Para a advogada Tais Gasparian, que defende a Folha em diferentes causas, as três decisões são importantes tanto do ponto de vista da violência de gênero como do jornalístico —uma vez que Patrícia foi atacada por produzir matérias que revelaram um esquema de envio de mensagens em massa durante a campanha presidencial e resultaram na abertura da CPMI no Congresso.

“Fizeram uma ofensa a ela dizendo que ela trocava sexo por informações, o que é muito grave para todas as mulheres e faz parte de um contexto de misoginia dessas pessoas, tanto do presidente da República quanto por seu filho e o Hans”, diz.

A advogada afirma que o alto valor da indenização imposta a Hans é merecido e tem efeito educativo para a sociedade. “Serve como uma lição. Não se pode ofender as mulheres desse jeito. Não se pode atacar uma notícia de imprensa com ofensas. Tem que ter respeito a essa instituição que é imprensa, que é muito importante para o estado democrático.”

Em março, o presidente Bolsonaro foi condenado pela juíza Inah de Lemos e Silva Machado, da 19ª Vara Cível de São Paulo, a pagar R$ 20 mil reais à repórter por danos morais. Ela determinou ainda que Bolsonaro pague as custas processuais e honorários advocatícios no valor de 10% da condenação. Também cabe recurso.

No dia 18 de fevereiro de 2020, o presidente se referiu à declaração feita por Hans à CPMI para insultar Patrícia.

"Ela [repórter] queria um furo. Ela queria dar o furo [risos dele e dos demais]", disse o presidente, em entrevista diante de um grupo de simpatizantes em frente ao Palácio da Alvorada, na ocasião. Após uma pausa durante os risos, Bolsonaro concluiu: "a qualquer preço contra mim".
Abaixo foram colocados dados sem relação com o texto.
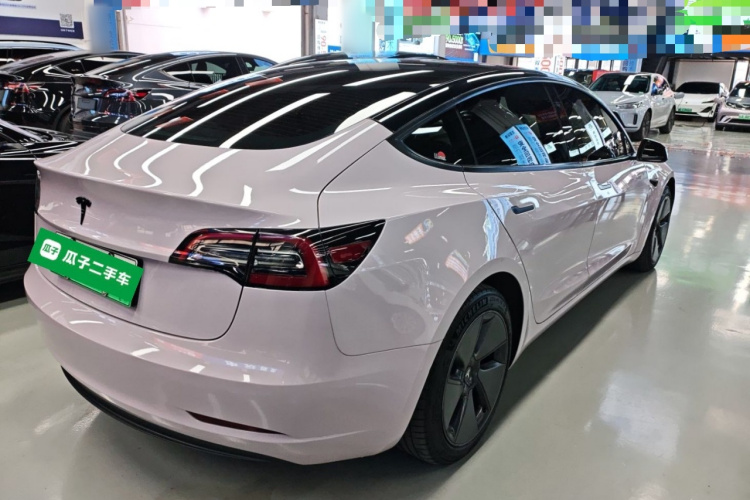 特斯拉 Model 3 2021款 标准续航后驱升级版车身外观7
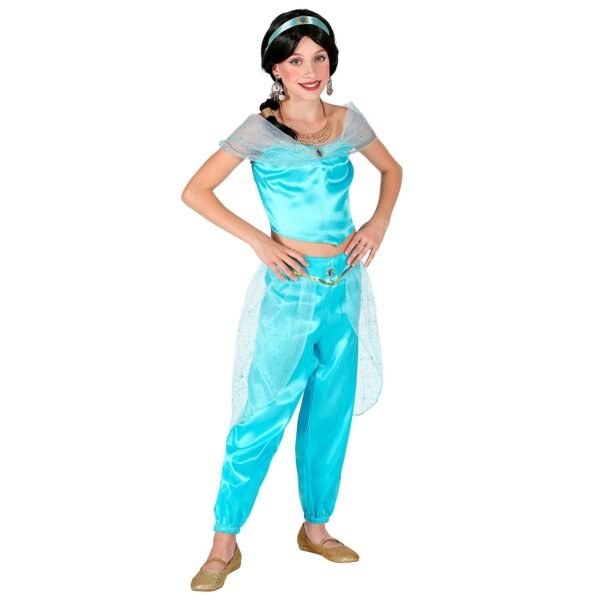 PRINCIPESSA ARABA (top, pantaloni, fascia per testa)
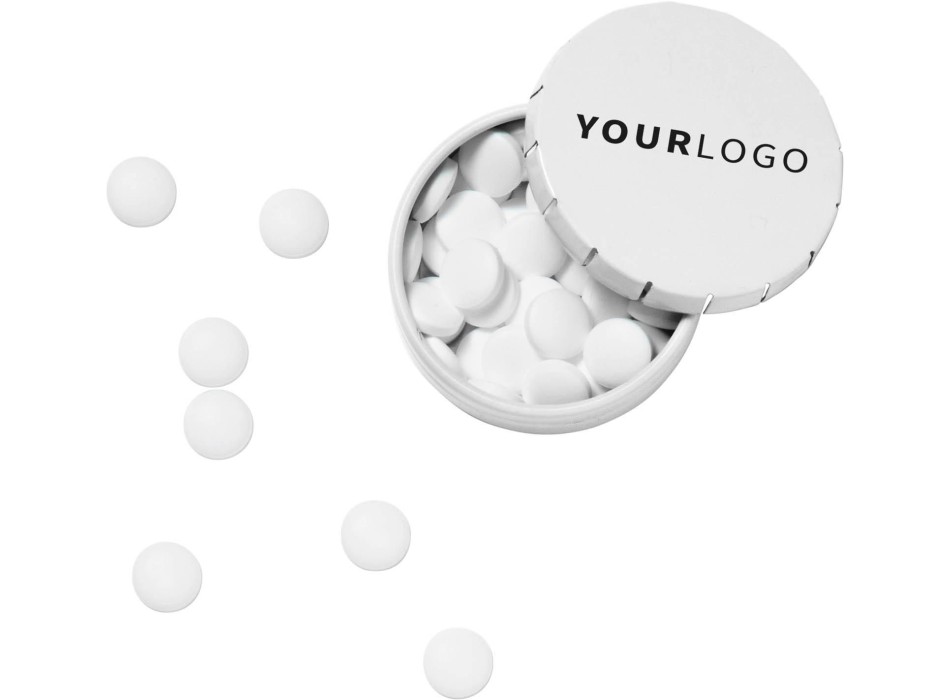 Mentine tascabili, custodia in latta Anika FullGadgets.com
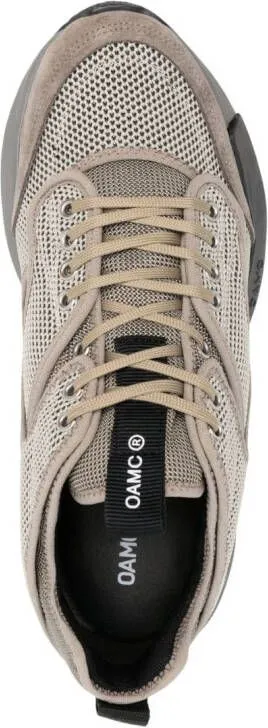 OAMC Aurora low-top sneakers Neutrals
A palavra “furo” é um jargão jornalístico para se referir a uma informação exclusiva, mas Bolsonaro a usou em duplo sentido, com a conotação de orifício do corpo humano.

o deputado Eduardo Bolsonaro foi condenado pelo juiz Luiz Gustavo Esteves, da 11ª Vara Cível de São Paulo. Além da indenização de R$ 30 mil, ele ainda determinou que o filho do presidente pague as custas processuais e honorários advocatícios no valor de 15% da condenação.

A defesa do parlamentar apresentou recurso contra a condenação e Patrícia também recorreu para elevar a condenação.

Em transmissão ao vivo, Eduardo havia afirmado que a jornalista “tentava seduzir” para obter informações que fossem prejudiciais ao seu pai. A live foi ao ar pelo canal do YouTube Terça Livre TV, em 27 de maio do ano passado.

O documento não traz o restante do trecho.